The measures assume significance in the wake of a raging controversy over business tycoon Vijay Mallya, who has left the country amid continuing efforts by banks to recover dues totalling over ₹9,000 crore of unpaid loans and interest.
The Modi-led Government had come under fire in Parliament last week for failing to prevent Mallya’s departure.
Though the SEBI action came a bit too late, it was widely welcomed by bankers given that the banking sector and securities market are integrated segments of the financial system.
“What SEBI has done is to say that we don't want anyone who has been labelled as wilful defaulter by the banking regulator or banks to enter the capital market. This is a welcome step and should have been done few years back,” V Kannan, former Chairman and Managing Director, Vijaya Bank, told BusinessLine .
After a board meeting here on Saturday, SEBI Chairman UK Sinha, while refusing to be drawn into any particular individual wilful defaulter case, said the new rules are likely to be notified within a few weeks.
“If somebody is proven as wilful defaulter by the RBI or its finding or its orders, then it is very risky to allow that person or company to raise money from retail persons in the market. So they will be debarred from raising money from market,” Sinha told reporters.
Date of disqualification Sinha also clarified that everybody who has been declared ‘wilful defaulter’ as on the date the SEBI regulations get notified will stand disqualified for holding director positions in all listed companies. He was replying to a query on whether the new SEBI restrictions on ‘wilful defaulters’ would take a prospective or retrospective effect.
Sinha also said that such persons will also be declared “not fit and proper” under various ‘intermediary’ regulations, which means the person cannot be involved in launch of a mutual fund or be a broker or debenture trustee in the future.
The only exception that SEBI has made is in the case of a company or its promoter or its director categorised as wilful defaulter, and there is a takeover offer in respect of the listed company.

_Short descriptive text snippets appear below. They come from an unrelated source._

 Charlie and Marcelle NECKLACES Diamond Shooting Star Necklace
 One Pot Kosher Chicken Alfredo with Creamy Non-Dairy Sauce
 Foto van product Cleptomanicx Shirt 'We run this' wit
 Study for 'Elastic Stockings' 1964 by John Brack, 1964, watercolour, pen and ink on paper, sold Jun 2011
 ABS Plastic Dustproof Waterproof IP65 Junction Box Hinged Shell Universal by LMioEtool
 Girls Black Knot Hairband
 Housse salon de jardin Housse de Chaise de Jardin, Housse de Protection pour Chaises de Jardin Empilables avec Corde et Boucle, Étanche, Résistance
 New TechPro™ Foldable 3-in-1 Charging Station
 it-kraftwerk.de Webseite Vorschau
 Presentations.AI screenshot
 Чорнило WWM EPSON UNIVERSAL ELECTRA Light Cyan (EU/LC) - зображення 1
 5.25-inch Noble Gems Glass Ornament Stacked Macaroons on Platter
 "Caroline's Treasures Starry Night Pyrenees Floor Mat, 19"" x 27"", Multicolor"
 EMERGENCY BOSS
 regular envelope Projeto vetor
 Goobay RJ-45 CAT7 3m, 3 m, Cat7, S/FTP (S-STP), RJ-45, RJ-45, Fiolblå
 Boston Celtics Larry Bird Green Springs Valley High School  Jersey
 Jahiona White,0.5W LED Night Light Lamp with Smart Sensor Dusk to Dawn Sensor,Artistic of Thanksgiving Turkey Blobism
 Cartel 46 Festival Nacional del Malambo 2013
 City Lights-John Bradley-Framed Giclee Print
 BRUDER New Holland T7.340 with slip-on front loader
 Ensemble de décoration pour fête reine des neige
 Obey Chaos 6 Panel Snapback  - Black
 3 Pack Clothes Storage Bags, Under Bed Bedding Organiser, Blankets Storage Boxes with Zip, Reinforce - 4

In such situations, they may be allowed to make competing offer for the said listed company under takeover code, Sinha added.
“We want to ensure that regulations on wilful defaulters do not lead to distress sale of companies. The idea is to debar them from raising fresh money,” he said.
Expert take
Abizer Diwanji, Partner & National Leader – Financial Services, EY said that the strictures on wilful defaulters, though conceptually correct have serious limitations.
"It pre-requisites banks to be judicious in their call on them. RBI guidelines state that diversion of funds by a defaulter classifies as wilful. Given that our bad debt problem has been built over years of successive CDRs and restructurings where additional debt raised for growth was used for interest payments to protect NPAs, pricing diversion is easy not realising that some of these may be conscious", Diwanji said.
Also, one bank can declare a defaulter wilful when the fact that such diversion was known or not at the time of fund sanction can never be proven. Whilst cornering wilful defaulters is critical, the limitations it could inadvertently impose on asset recoveries needs to be thought through, he said.
It may be more prudent for the RBI to clarify that diversion should relate to funds taken out of the business and not those consumed within the business but for different purposes. This may be more practical, Diwanji said.